*** Provided data ***
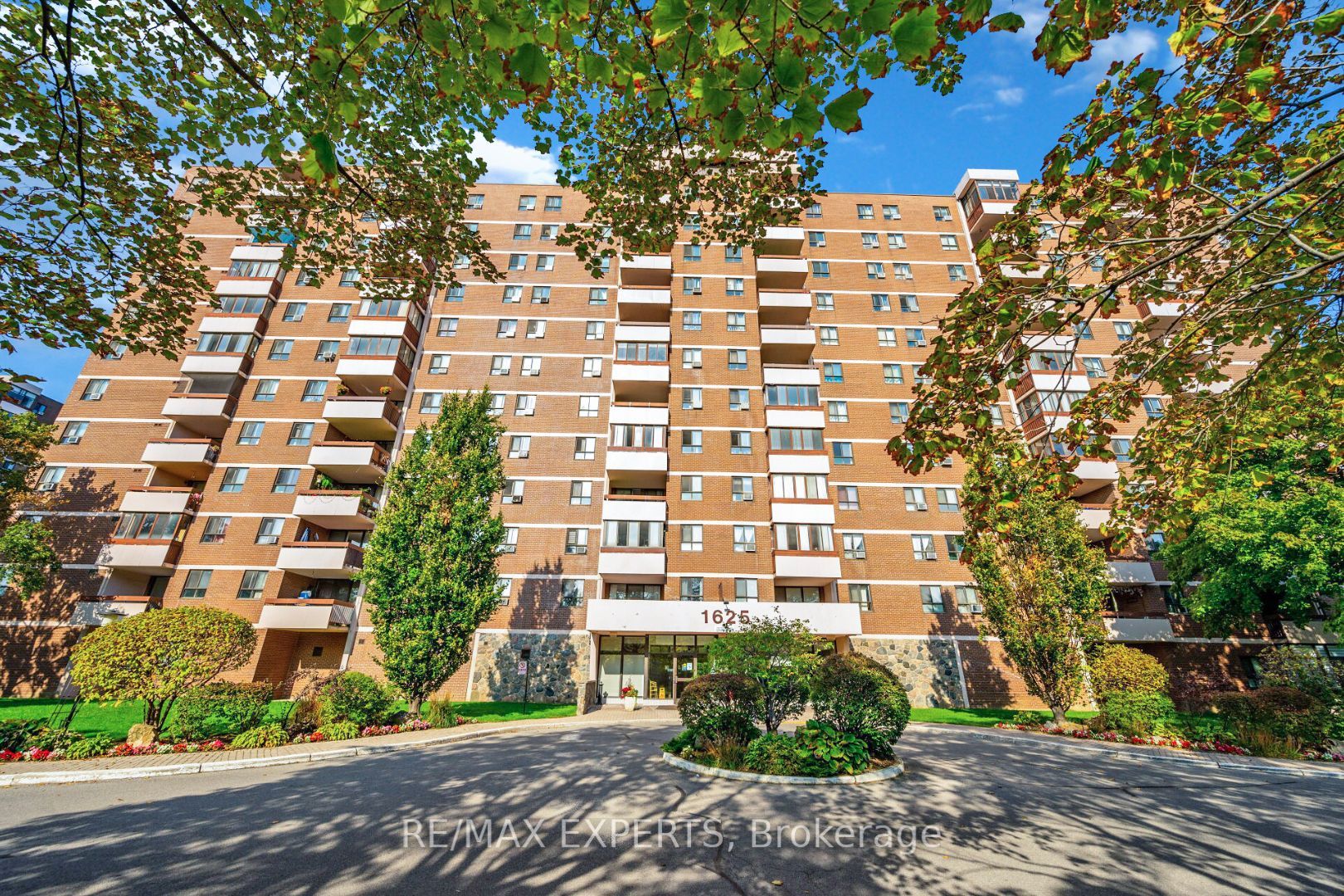 1625 Bloor Street 924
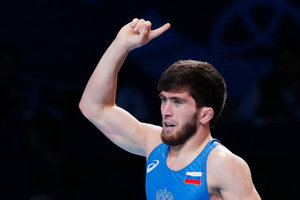 Борец Угуев вышел в финал Олимпиады в Токио и гарантировал себе серебро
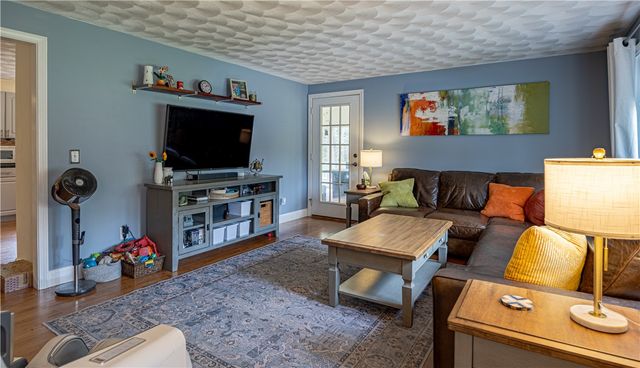 956 Reynolds Road, Glocester, RI 02814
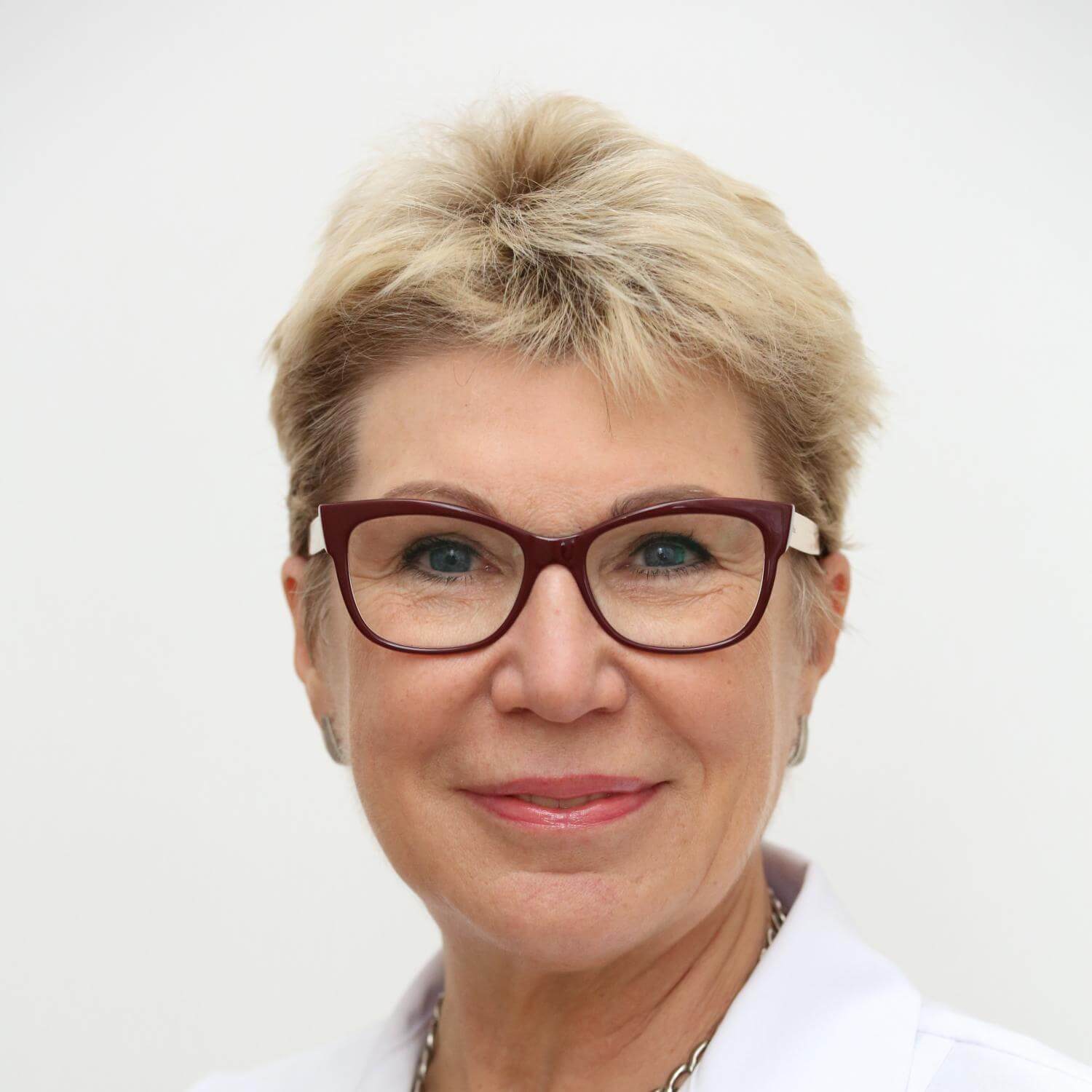 Королева Инна Васильевна Королева Инна Васильевна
*** End of Provided data ***
What the task requires » A faithful, picture-free copy of the material is what this task asks for.

Result of this exercise »
 1625 Bloor Street 924
 Борец Угуев вышел в финал Олимпиады в Токио и гарантировал себе серебро
 956 Reynolds Road, Glocester, RI 02814
 Королева Инна Васильевна Королева Инна Васильевна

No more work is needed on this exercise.